We are primarily interested in defining the molecular basis for the inhibition of host cell apoptosis in Toxoplasma infected cells. This inhibition is manifest as the failure in the activation of the apoptotic cascade within infected cells in response to normally apoptogenic triggers. Our studies indicate multiple sites of interference along both the death receptor as well as the mitochondrial pathways.

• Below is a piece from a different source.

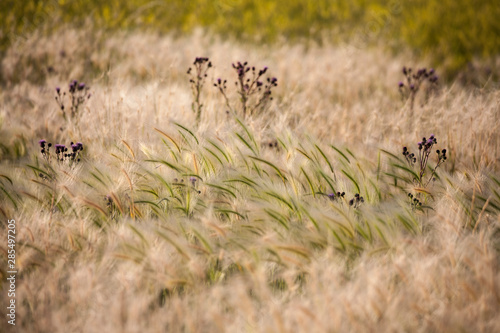 Badlands grasslands © brad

We further have identified a critical role for gene expression directed by the host transcription factor NFkB. NFkB is involved in the regulation of a number of genes involved primarily in the pro-survival/ anti-apoptotic response. Remarkably, Toxoplasma appears to completely bypass the conventional mechanism for the activation of NFkB transcription. In contrast to every other inducing stimulus, the T. gondii-mediated signal does not appear to require the host kinase (I kappa B kinase, IKK) responsible for phosphorylating the inhibitor of NFkB (IkB) an event required for degradation of the inhibitor and nuclear translocation leading to transcription. Toxoplasma appears to bypass the requirement by elaborating a distinct IKK activity of likely parasite origin in the PVM. We are currently focusing on identifying this unique activity which would likely make an attractive target for therapeutic intervention.
The Toxoplasma PVM is unusual in its recruitment of host mitochondria and endoplasmic reticulum to for intimate highly stable interactions. Given the role of mitochondria in apoptosis, we are examining the role of manipulation of both PVM-associated and non-associated mitochondria in the establishment of the anti-apoptotic state in infected cells. Our studies indicate clear inhibition of the triggering event in apoptosis, the release of cytochrome c and well at least one step downstream in the cascade. We are dissecting the contribution of both host and parasite factors to the blockade of apoptosis mediated by Toxoplasma infection.
In addition to the focus on the manipulation of host apoptosis we have also undertaken a detailed molecular and analysis of the Toxoplasma PVM. We are initiating a detailed proteomic analysis of the PVM toward identifying novel activities within this unique organelle. We believe the application of innovative approaches combining cell biological, biochemical and molecular-genetic approaches to study the fascinating interface between pathogen and host will lead to the identification of novel mechanisms in microbial pathogenesis.